However, the house of cards is beginning to unravel. GM’s monumental outsourcing of their retiree health benefits will be remembered as the harbinger that the started the domino’s falling. Who’s next – perhaps its your employer?
The USA today article highlights some familiar statistics restated to make the point:
- 69% of individuals obtained their insurance from their employer in 2000, today only 60% obtain their insurance through employers (45% for people who work at small companies).
- Average monthly premium for employees has increased from $160 to $273 over the last 7 years (a 70% increase adjusted for inflation).
- Annual increases of 15-25% for small employers are routine and common place which is completely unsustainable.
- A typical family policy offered by employers costs $12,106, the percentage paid for by the employee continues to rise (increased deductibles, increased co-pays, and decreased benefits)
- Health Care spending as a part of the average American Household budget continues to increase.
And a few notable quotes:
- Growing momentum. “The idea of separating insurance from employment has been raised before. Now, its taking on a life of its own” – Paul Fronstin of the Employee Benefit Research Institute (EBRI).
- Fragility of current system. “The employers interviewed for this study tend to agree that if one major employer were to drop health benefits, others would follow” and “they tend to agree that public policy changes, such as the erosion or elimination of ERISA (federal) pre-emption of state insurance regulation, could result in the complete elimination of employer support for a voluntary employment-based health benefits system” – EBRI December 2007 report.

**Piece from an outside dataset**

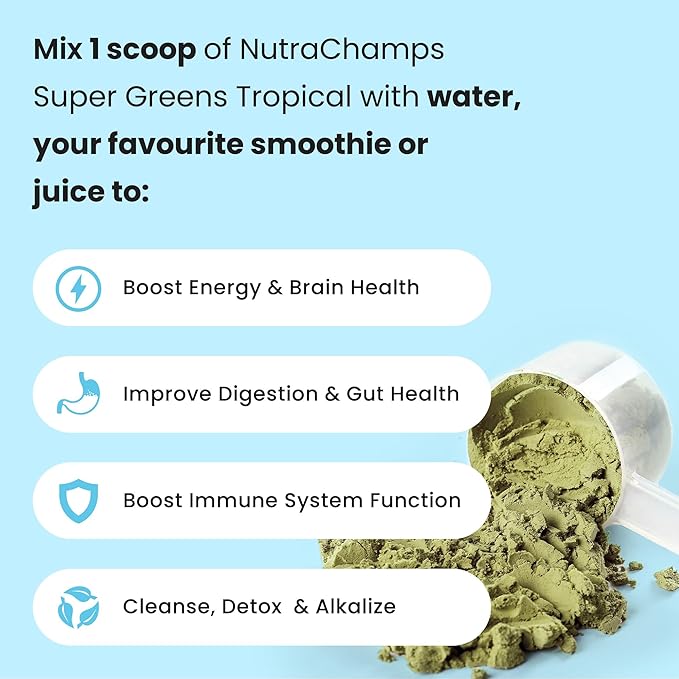 NutraChamps Super Greens Powder Premium Superfood | 20+ Organic Green Veggie Whole Foods | Alfalfa Spirulina Chlorella &amp More | Antioxidant Digestive Enzyme &amp Probiotic Blends | Tropical |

- Desire for clean slate. Mixed views from employers include thoughts that the current system is “inefficient” and “not intelligent” and “if we could start over with a clean slate, we would not have the current system.” – EBRI December 2007 report
Bottom line, I believe there will be a better way to purchase health care in the future and that the products will need to become more individualized to truly serve the needs of those purchasing the health plan / insurance services. I believe the handwriting is on the wall . . . and while mass employer migration away from providing these entitlements might not happen mañana, I believe they will happen con el tiempo!
VERY nice summary 🙂
…and we are already seeing our employer clients acknowledge that the tsunami of healthcare ownership is arriving much sooner than later for their employees.
christopher
Nice summary. The ultimate nail in the coffin is that the average American gets much less out of the 12K spent on insurance than they put in. although its higher than it was in 2002, its likely less than $1000/person for median spent (50th percentile). While we can talk about fairness and social equity till we’re blue in the face, when people don’t see value, they tend to vote with their feet.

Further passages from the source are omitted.